** Work to be completed **
Scan the listing beneath this sentence. Report each line with the word "Diamond".

** Excerpted records **
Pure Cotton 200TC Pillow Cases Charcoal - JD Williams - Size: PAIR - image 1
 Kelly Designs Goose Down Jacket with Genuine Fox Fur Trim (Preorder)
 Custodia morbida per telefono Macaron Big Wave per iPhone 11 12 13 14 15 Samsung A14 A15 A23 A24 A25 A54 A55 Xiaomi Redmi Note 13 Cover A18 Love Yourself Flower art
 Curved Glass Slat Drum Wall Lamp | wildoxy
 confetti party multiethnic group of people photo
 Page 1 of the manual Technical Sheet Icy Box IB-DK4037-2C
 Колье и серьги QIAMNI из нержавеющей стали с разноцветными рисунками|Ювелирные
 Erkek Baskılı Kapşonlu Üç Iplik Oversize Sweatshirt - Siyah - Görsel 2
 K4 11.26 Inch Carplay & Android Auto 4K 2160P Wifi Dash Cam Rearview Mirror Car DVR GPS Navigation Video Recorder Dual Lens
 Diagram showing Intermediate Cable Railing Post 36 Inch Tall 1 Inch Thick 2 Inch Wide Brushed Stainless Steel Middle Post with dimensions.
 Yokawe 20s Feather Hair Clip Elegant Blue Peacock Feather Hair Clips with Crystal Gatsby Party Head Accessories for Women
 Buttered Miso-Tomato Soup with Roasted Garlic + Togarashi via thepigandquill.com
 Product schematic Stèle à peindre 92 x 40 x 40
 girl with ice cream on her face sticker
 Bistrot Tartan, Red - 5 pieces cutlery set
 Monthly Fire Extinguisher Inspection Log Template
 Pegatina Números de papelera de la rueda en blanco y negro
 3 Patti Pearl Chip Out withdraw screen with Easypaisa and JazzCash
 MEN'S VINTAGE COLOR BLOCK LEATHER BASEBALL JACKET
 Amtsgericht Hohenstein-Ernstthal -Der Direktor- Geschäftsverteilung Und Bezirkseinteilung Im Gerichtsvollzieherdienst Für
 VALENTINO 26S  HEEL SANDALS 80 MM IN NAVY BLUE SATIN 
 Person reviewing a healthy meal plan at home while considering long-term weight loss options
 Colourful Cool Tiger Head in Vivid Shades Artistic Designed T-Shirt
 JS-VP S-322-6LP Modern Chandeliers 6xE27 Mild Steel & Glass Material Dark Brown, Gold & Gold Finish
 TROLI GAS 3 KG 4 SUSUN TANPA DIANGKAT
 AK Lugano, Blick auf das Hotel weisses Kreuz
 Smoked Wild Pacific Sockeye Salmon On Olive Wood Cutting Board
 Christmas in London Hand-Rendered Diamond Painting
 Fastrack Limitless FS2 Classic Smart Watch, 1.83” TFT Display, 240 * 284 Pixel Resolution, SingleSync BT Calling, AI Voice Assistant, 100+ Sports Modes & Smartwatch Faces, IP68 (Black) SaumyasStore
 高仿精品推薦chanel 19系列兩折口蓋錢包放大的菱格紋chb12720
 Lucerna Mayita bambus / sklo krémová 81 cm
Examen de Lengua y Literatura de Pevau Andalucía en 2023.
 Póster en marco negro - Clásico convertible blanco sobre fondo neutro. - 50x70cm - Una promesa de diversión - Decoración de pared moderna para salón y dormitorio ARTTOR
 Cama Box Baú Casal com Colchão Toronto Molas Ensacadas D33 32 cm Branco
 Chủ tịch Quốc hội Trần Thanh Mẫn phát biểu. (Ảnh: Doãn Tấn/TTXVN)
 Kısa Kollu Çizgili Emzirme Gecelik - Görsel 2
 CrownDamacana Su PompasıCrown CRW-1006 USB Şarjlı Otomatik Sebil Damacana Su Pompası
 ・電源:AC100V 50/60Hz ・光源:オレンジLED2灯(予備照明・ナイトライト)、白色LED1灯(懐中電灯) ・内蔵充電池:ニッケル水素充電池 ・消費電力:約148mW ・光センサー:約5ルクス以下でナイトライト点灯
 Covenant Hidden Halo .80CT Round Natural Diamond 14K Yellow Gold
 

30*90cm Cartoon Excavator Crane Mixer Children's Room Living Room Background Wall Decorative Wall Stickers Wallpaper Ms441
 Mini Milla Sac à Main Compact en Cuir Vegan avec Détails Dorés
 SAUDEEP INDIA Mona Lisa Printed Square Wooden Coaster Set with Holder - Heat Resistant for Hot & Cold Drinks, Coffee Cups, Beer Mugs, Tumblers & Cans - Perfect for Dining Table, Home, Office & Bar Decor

** Response to the task **
 Christmas in London Hand-Rendered Diamond Painting
 Covenant Hidden Halo .80CT Round Natural Diamond 14K Yellow Gold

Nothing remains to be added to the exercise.